====== Data for review

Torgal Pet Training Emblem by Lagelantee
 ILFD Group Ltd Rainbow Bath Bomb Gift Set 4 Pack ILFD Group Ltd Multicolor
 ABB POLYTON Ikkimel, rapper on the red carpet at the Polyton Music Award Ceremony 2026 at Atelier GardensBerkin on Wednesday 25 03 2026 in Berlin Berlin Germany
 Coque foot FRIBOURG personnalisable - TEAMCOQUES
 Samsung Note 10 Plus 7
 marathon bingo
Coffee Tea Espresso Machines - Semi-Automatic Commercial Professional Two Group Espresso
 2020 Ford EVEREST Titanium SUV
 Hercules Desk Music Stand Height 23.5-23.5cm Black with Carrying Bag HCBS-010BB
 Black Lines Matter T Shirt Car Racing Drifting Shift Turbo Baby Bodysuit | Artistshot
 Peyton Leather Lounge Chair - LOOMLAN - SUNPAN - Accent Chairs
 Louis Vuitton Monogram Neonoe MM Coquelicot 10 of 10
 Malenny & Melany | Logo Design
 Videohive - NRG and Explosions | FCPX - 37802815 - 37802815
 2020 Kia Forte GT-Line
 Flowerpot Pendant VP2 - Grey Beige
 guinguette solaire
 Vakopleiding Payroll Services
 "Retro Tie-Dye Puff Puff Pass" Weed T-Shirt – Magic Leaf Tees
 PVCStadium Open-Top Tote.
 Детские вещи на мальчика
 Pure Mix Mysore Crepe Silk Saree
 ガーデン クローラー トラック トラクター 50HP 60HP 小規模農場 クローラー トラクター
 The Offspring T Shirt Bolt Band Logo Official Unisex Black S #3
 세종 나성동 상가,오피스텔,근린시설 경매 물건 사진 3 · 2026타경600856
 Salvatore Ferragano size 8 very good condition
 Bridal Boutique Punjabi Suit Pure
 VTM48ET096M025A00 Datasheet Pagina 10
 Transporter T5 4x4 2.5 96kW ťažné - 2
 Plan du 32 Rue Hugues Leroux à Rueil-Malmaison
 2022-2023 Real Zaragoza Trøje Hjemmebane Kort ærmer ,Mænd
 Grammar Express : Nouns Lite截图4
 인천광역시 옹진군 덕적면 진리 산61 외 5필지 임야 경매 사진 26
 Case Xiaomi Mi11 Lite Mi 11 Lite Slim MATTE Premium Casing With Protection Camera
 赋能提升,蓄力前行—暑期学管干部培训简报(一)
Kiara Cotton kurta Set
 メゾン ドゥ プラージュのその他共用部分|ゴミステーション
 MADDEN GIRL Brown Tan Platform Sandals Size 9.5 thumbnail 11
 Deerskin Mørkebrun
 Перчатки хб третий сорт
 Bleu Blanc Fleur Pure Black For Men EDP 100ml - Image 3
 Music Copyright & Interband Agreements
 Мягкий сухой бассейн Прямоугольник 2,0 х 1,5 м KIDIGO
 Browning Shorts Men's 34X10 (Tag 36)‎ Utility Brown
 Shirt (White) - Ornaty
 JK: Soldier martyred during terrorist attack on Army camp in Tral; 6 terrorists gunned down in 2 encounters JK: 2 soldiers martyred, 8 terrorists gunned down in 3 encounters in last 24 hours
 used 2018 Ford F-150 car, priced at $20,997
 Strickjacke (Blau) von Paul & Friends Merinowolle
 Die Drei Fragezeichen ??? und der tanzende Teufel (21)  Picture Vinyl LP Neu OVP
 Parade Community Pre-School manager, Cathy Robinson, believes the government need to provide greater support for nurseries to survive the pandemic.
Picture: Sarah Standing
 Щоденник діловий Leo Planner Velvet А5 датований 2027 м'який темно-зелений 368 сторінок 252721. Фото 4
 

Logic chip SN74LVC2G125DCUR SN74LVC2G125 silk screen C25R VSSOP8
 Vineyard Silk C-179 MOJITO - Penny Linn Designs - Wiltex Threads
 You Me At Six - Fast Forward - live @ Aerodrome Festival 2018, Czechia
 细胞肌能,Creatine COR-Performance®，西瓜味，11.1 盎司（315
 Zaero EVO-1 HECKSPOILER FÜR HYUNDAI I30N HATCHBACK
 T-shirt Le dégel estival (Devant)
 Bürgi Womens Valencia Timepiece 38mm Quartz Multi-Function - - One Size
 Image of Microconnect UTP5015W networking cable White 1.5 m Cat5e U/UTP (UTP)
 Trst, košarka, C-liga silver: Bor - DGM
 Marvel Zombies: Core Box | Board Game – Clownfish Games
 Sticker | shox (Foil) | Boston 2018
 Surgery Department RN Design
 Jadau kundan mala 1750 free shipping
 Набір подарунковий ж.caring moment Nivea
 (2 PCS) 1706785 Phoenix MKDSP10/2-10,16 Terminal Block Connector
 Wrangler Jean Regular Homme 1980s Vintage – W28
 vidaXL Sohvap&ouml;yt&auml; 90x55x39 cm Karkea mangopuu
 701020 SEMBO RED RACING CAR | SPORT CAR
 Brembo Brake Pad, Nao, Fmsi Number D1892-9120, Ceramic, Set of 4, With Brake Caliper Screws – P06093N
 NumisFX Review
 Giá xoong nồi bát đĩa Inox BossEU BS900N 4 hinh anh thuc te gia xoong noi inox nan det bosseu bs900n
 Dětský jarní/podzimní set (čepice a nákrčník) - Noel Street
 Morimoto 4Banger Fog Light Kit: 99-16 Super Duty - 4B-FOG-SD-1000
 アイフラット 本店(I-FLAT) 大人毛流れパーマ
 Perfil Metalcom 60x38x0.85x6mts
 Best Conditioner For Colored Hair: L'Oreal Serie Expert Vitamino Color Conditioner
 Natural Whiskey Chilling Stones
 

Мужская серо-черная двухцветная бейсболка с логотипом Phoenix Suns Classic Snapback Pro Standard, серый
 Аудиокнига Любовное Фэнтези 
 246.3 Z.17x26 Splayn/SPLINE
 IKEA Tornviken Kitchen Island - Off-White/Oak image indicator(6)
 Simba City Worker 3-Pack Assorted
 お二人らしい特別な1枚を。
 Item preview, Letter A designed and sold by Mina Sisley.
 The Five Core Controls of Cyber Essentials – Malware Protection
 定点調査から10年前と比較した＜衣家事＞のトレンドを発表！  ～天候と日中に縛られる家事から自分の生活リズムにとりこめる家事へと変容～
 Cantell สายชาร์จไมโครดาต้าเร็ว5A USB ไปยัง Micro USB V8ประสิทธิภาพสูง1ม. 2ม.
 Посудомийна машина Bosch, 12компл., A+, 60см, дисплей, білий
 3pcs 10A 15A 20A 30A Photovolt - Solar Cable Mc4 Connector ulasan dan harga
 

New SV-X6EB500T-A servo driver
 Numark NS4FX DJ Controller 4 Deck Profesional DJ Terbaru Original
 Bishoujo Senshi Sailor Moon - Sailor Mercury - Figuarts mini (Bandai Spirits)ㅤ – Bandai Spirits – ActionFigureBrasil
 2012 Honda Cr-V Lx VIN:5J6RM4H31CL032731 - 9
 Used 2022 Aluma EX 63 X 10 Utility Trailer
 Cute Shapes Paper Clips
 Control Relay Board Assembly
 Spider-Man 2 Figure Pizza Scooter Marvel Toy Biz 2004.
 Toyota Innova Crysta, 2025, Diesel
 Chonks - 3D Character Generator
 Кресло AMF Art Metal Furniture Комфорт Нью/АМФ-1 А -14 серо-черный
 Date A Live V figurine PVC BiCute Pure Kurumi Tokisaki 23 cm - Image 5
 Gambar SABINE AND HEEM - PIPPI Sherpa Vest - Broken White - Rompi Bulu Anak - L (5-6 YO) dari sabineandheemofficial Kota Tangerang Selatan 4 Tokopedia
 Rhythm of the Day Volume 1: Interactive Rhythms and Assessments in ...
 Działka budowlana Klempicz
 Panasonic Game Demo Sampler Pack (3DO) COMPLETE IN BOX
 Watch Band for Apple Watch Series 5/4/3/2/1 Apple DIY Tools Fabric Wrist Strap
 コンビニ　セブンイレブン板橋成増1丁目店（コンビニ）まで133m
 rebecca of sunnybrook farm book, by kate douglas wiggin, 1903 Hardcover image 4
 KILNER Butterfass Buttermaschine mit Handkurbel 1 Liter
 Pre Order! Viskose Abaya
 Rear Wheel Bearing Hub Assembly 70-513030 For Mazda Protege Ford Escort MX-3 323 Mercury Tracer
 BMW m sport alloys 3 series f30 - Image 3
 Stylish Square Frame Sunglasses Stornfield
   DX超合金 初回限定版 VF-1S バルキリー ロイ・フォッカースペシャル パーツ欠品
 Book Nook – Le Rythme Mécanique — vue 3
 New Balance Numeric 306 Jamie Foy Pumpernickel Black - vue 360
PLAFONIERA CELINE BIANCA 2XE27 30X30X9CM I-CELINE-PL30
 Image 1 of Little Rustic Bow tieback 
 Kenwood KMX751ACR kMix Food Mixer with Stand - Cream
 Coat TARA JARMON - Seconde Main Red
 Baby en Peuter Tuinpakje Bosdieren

============

### What this task involves
Using the entries above, repeat only the lines from the one containing "Bürgi Womens Valencia" through the one containing "Cantell สายชาร์จไมโครดาต้าเร็ว5A USB", end lines included.

### Response box
 Bürgi Womens Valencia Timepiece 38mm Quartz Multi-Function - - One Size
 Image of Microconnect UTP5015W networking cable White 1.5 m Cat5e U/UTP (UTP)
 Trst, košarka, C-liga silver: Bor - DGM
 Marvel Zombies: Core Box | Board Game – Clownfish Games
 Sticker | shox (Foil) | Boston 2018
 Surgery Department RN Design
 Jadau kundan mala 1750 free shipping
 Набір подарунковий ж.caring moment Nivea
 (2 PCS) 1706785 Phoenix MKDSP10/2-10,16 Terminal Block Connector
 Wrangler Jean Regular Homme 1980s Vintage – W28
 vidaXL Sohvap&ouml;yt&auml; 90x55x39 cm Karkea mangopuu
 701020 SEMBO RED RACING CAR | SPORT CAR
 Brembo Brake Pad, Nao, Fmsi Number D1892-9120, Ceramic, Set of 4, With Brake Caliper Screws – P06093N
 NumisFX Review
 Giá xoong nồi bát đĩa Inox BossEU BS900N 4 hinh anh thuc te gia xoong noi inox nan det bosseu bs900n
 Dětský jarní/podzimní set (čepice a nákrčník) - Noel Street
 Morimoto 4Banger Fog Light Kit: 99-16 Super Duty - 4B-FOG-SD-1000
 アイフラット 本店(I-FLAT) 大人毛流れパーマ
 Perfil Metalcom 60x38x0.85x6mts
 Best Conditioner For Colored Hair: L'Oreal Serie Expert Vitamino Color Conditioner
 Natural Whiskey Chilling Stones
 

Мужская серо-черная двухцветная бейсболка с логотипом Phoenix Suns Classic Snapback Pro Standard, серый
 Аудиокнига Любовное Фэнтези 
 246.3 Z.17x26 Splayn/SPLINE
 IKEA Tornviken Kitchen Island - Off-White/Oak image indicator(6)
 Simba City Worker 3-Pack Assorted
 お二人らしい特別な1枚を。
 Item preview, Letter A designed and sold by Mina Sisley.
 The Five Core Controls of Cyber Essentials – Malware Protection
 定点調査から10年前と比較した＜衣家事＞のトレンドを発表！  ～天候と日中に縛られる家事から自分の生活リズムにとりこめる家事へと変容～
 Cantell สายชาร์จไมโครดาต้าเร็ว5A USB ไปยัง Micro USB V8ประสิทธิภาพสูง1ม. 2ม.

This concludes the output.